Taiwan has been ranked as the 14th-best destination for investment in the latest US Business Environment Risk Intelligence (BERI) report, down eight places from the previous report, the Ministry of Economic Affairs said on Friday, attributing the drop to China’s massive military exercises around Taiwan.
Citing the third BERI report last year, released last month, the ministry said Taiwan received a score of 53 for profit opportunity recommendation — the overall indicator used by BERI to evaluate each country as an investment destination — compared with 58 in the previous report, released in August.

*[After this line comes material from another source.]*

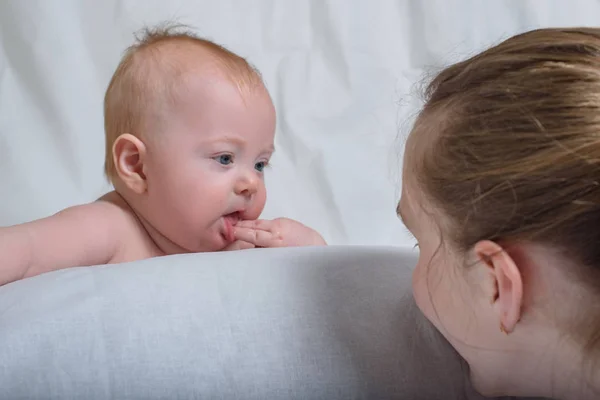 Mignon bébé regarde sa mère. Soeur et frère cadet. Le gamin suce les doigts . — Photo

Switzerland placed first with a score of 69, ahead of Norway (67), Canada (60), Denmark (59) and China (58), the report showed.
Photo: CNA
Taiwan took fifth place in Asia, trailing China (No. 5 globally), South Korea (No. 7), Singapore (No. 9) and Indonesia (No. 12), the ministry said.

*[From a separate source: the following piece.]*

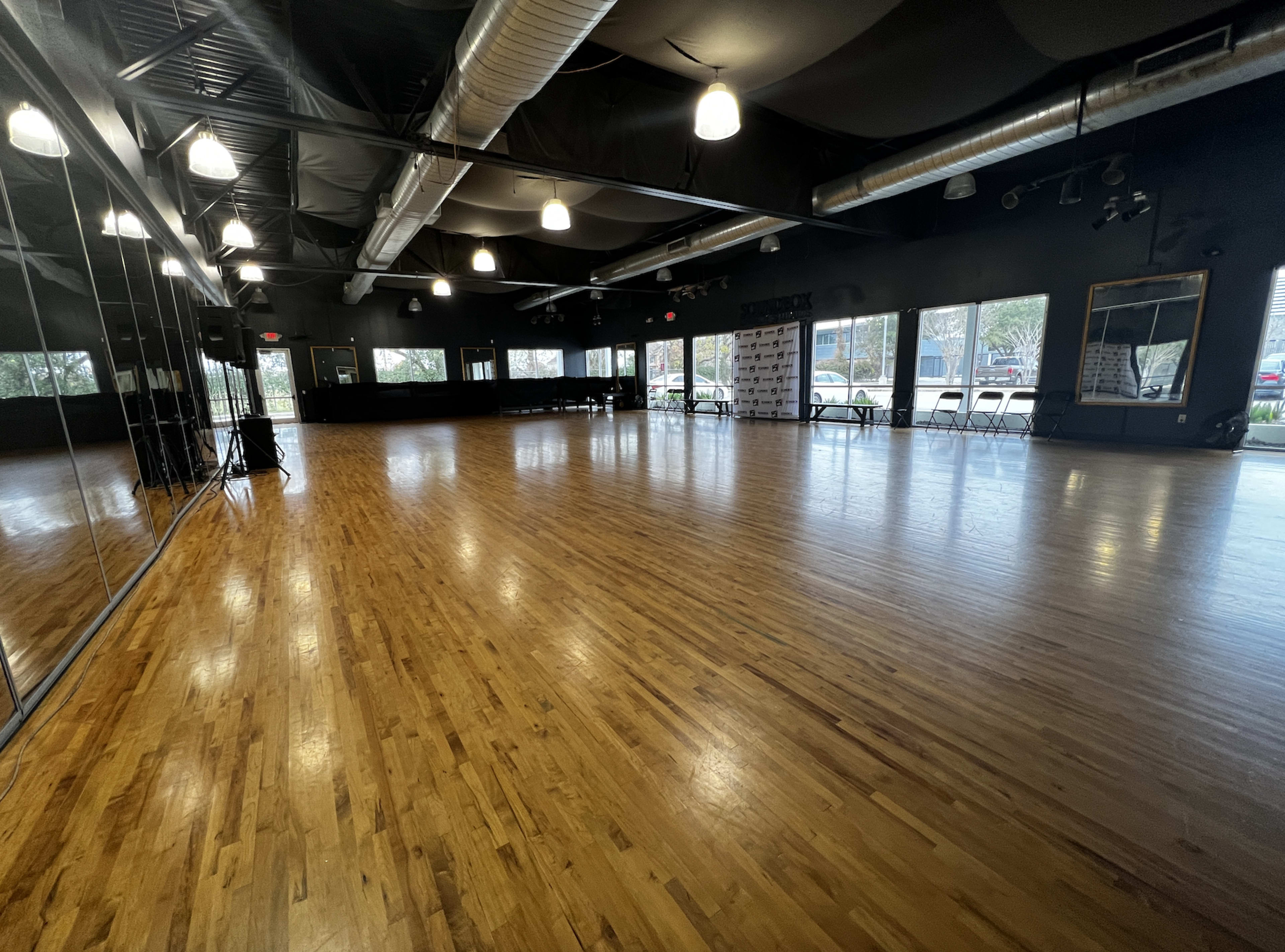 A spacious dance studio with a polished wooden floor, large mirrors, and windows that allow natural light to enter.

BERI releases evaluation reports in April, August and December each year, reviewing the investment environment in 50 countries from the perspective of multinational companies.
It uses three indicators to assess investment risk — operating conditions (operation risk), political risk, and foreign exchange/external accounts position (remittance and repatriation) risk.
Taiwan scored 34 in the political risk sub-category, down from 36 in the previous report, while its standing in the sub-category fell to 42nd place from 36th worldwide, and 10th place in Asia, the report showed.
The fall in the political risk factor reflected rising tensions across the Taiwan Strait, in particular in the third quarter of last year, when China performed large-scale military drills around Taiwan, the report said.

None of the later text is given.